Reforming Passive Euthanasia in India

Context

The article discusses the evolving debate on passive euthanasia in India, comparing it with developments in the UK’s End of Life Bill (2025). While India legally recognises passive euthanasia (since Aruna Shanbaug v. Union of India, 2011; reaffirmed in Common Cause v. Union of India, 2018), implementation remains limited and complex due to procedural, moral, and regulatory hurdles.

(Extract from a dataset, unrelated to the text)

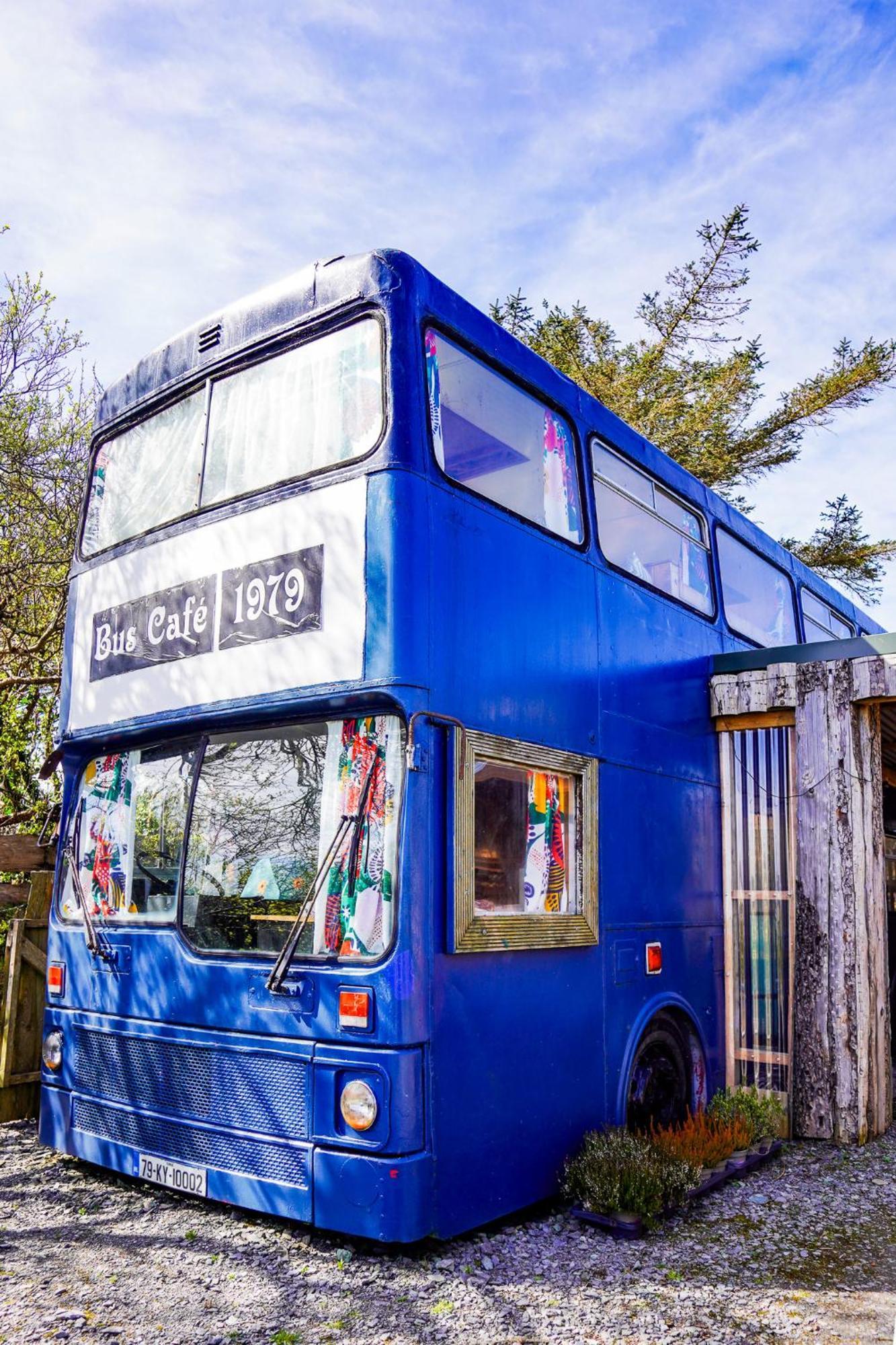 Double Decker Bus At Valentia Island Escape Hotel Chapeltown Екстериор снимка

What is Passive Euthanasia?

Passive euthanasia refers to withholding or withdrawing life-sustaining treatment (like ventilators or feeding tubes) for a terminally ill or permanently unconscious patient, allowing death to occur naturally. It contrasts with active euthanasia, which involves direct action to end life and remains illegal in India.

Legal and Constitutional Framework

  • Article 21 (Right to Life) has been interpreted by the Supreme Court to include the Right to Die with Dignity.
  • The 2018 Common Cause judgment allowed living wills and advance medical directives under strict supervision.
  • However, procedural requirements — such as multiple medical boards, district magistrate approval, and judicial oversight — have made the process impractically slow.

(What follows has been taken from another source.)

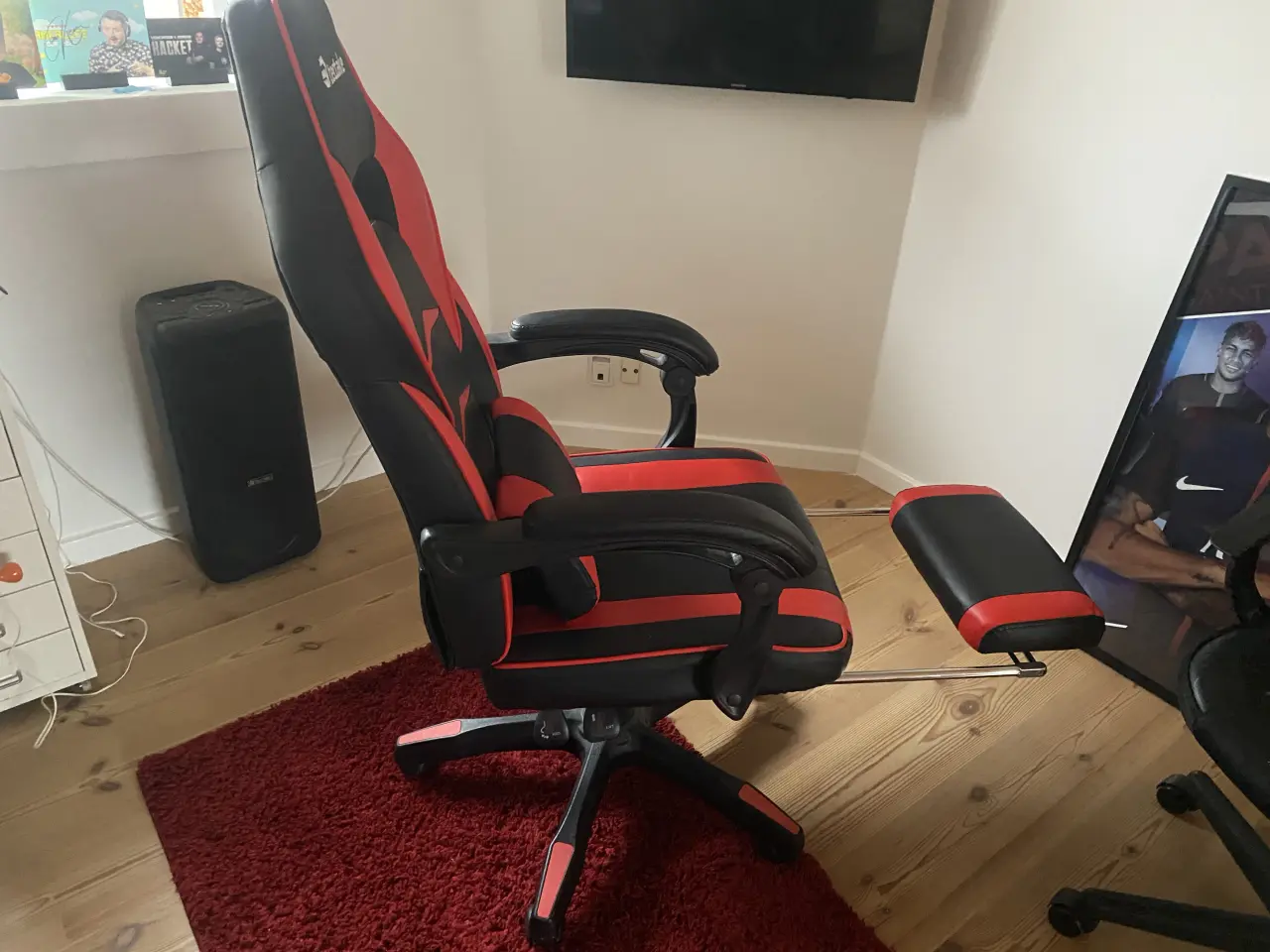 Billede 3 - Gamerstol rød med fodstøtte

Challenges in Implementation

  1. Practical Inaccessibility:
    • Current legal safeguards are complex and delay decision-making, even in hopeless cases.
    • Lack of clarity and fear of prosecution discourage doctors and families from invoking euthanasia provisions.
  2. Institutional Weaknesses:
    • India lacks a uniform, reliable healthcare regulatory framework.
    • Fragmented healthcare, inadequate palliative care, and social stigma hinder dignified end-of-life options.
  3. Moral and Religious Constraints:
    • Cultural and religious beliefs often view withdrawal of life support as morally unacceptable, even when medically justified.
  4. Jurisdictional Dilemmas:
    • Ambiguity persists between judicial interpretation and executive policy.
    • Supreme Court’s caution reflects fear of misuse, but it also prevents genuine cases from timely relief.

India’s Constitutional Promise

Justice Kannan argues that “dignity in life must extend to dignity in dying.”
The Constitution’s commitment to human dignity must encompass end-of-life care that is compassionate, accessible, and ethically consistent.

Suggested Reforms and the Way Forward

  1. Simplify and Decentralise Procedures:
    • Empower local medical boards and hospitals to review and approve passive euthanasia cases within 48 hours.
    • Use digital dashboards and state-level ombudsmen for transparency and accountability.
  2. Strengthen Palliative and Hospice Care:
    • Integrate palliative care into primary health services and insurance frameworks.
    • Train healthcare workers and doctors in end-of-life ethics and counselling.
  3. Public Awareness and Legal Literacy:
    • Encourage citizens to make advance directives (living wills) through Aadhaar-linked online registration systems.
    • Promote societal dialogue about the right to die with dignity.
  4. Ethical Oversight:
    • Establish decentralised ethical review bodies, independent of bureaucratic delay.
    • Develop a compassionate, Indian-contextual framework — not a replica of Western laws.

Comparative Note – The UK Model

The UK’s End of Life Bill (2025) permits physician-assisted dying for terminally ill adults under strict safeguards. While India is unlikely to allow active euthanasia soon, its passive form can be improved through humane, efficient, and ethically sensitive procedures.